Task details: The required output is a verbatim transcription of the listing, pictures excluded.

Collected data:
== Segment start ==

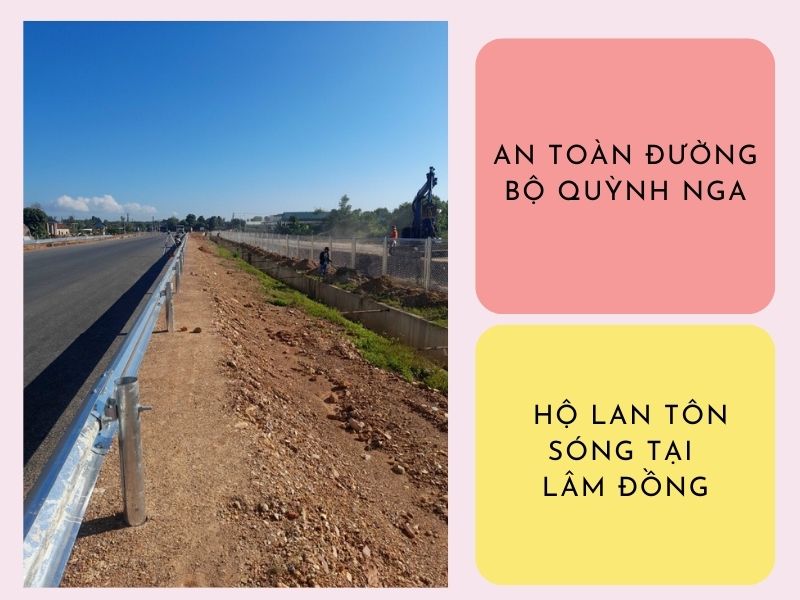 ĐƠN VỊ SẢN XUẤT HỘ LAN TÔN SÓNG TẠI LÂM ĐỒNG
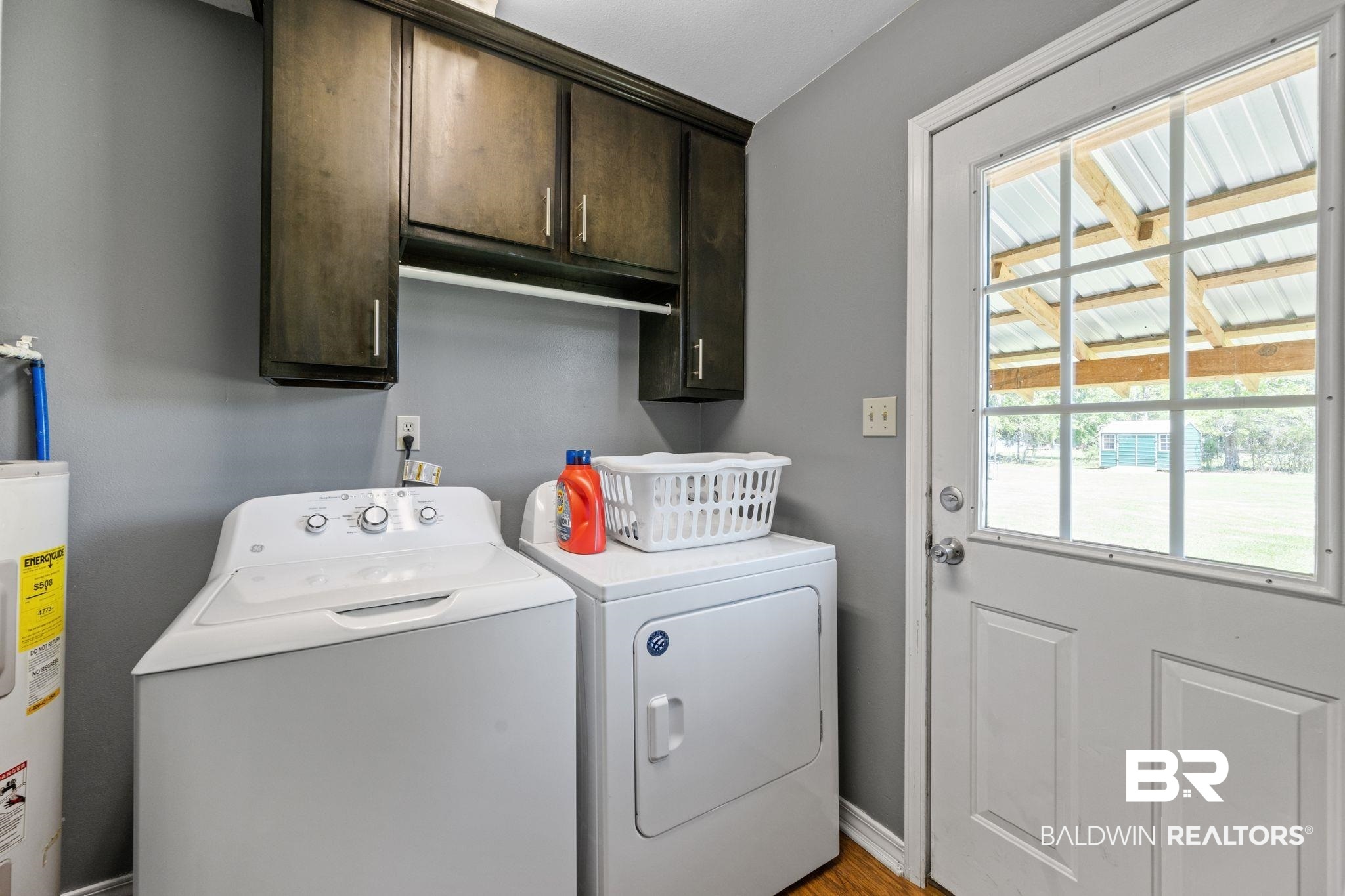 15581 Brady Rd Extension Bay Minette, AL 36507 - Photo 12 of 15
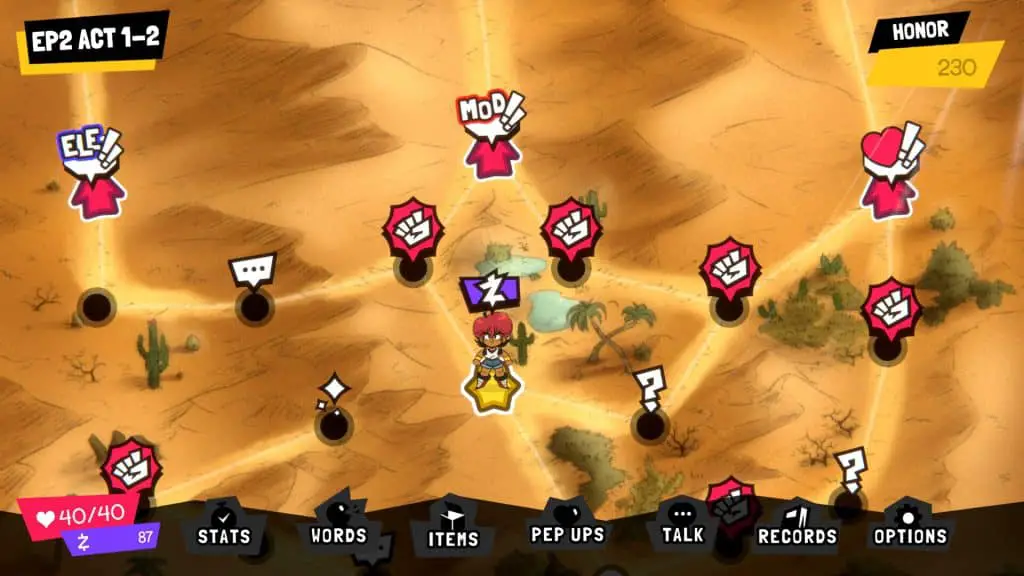 Wander Stars, recensione (PlayStation 5)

== Segment end ==

Solution to this problem:
 ĐƠN VỊ SẢN XUẤT HỘ LAN TÔN SÓNG TẠI LÂM ĐỒNG
 15581 Brady Rd Extension Bay Minette, AL 36507 - Photo 12 of 15
 Wander Stars, recensione (PlayStation 5)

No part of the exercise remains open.